Pour bénéficier des capitaux des investisseurs qui tiennent avant tout à la visibilité de la politique économique, la stabilité politique, sociale, monétaire et juridique, l’Algérie doit améliorer le climat des affaires et son image.
Deuxièmement, les charges de la dette ont augmenté. La dette intérieure est estimée à près de 138 milliards $, incluant le financement du déficit budgétaire et des crédits pour des entreprises publiques.
Le ministre des finances a reconnu devant les députés en novembre 2025 le recours au financement non conventionnel, qui consiste à permettre à l’État de pouvoir utiliser les ressources de la Banque d’Algérie pour couvrir des obligations du Trésor. C’est-à-dire le recours à la planche à billets, mesure transitoire permettant de combler le déficit tout en espérant éviter une dérive inflationniste.
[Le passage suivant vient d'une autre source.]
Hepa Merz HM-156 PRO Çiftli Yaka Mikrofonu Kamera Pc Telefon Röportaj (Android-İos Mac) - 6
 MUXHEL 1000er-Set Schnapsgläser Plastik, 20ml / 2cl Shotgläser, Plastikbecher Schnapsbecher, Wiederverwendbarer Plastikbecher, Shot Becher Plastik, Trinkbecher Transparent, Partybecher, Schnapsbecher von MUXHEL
Par ailleurs, le grand problème qui se pose est l’intégration de la masse monétaire en circulation hors du circuit bancaire. Elle a atteint environ 66,25 milliards $ à la mi-2024 et connaît une croissance rapide d’année en année. Cette circulation fiduciaire représente une part de 34 % de la masse monétaire totale (M2). Cela montre qu’il reste un long parcours pour bancariser cet argent. La solution est de redonner confiance sans laquelle aucun développement fiable ne peut se concrétiser.
Le prix de 60 dollars et 70 dollars du cours des hydrocarbures a été retenu dans les lois de finances 2025/2026 alors que l’équilibre budgétaire nécessite un baril entre 140/150 dollars.
L’Algérie a besoin de gérer efficacement les finances publiques pour assurer la stabilité et le développement économique à moyen et long terme. Or, force est de constater la forte dépendance de l’économie algérienne aux aléas du cours des hydrocarbures dont les prix volatils échappent à la décision interne. Pour asseoir une économie diversifiée et attirer les investissements étrangers créateurs de valeur ajoutée, la bonne gouvernance, la valorisation du savoir et une planification stratégique s’imposent. Les défis de l’Algérie face à un monde turbulent et instable et à des besoins sociaux internes croissants rendent nécessaire de profondes réformes.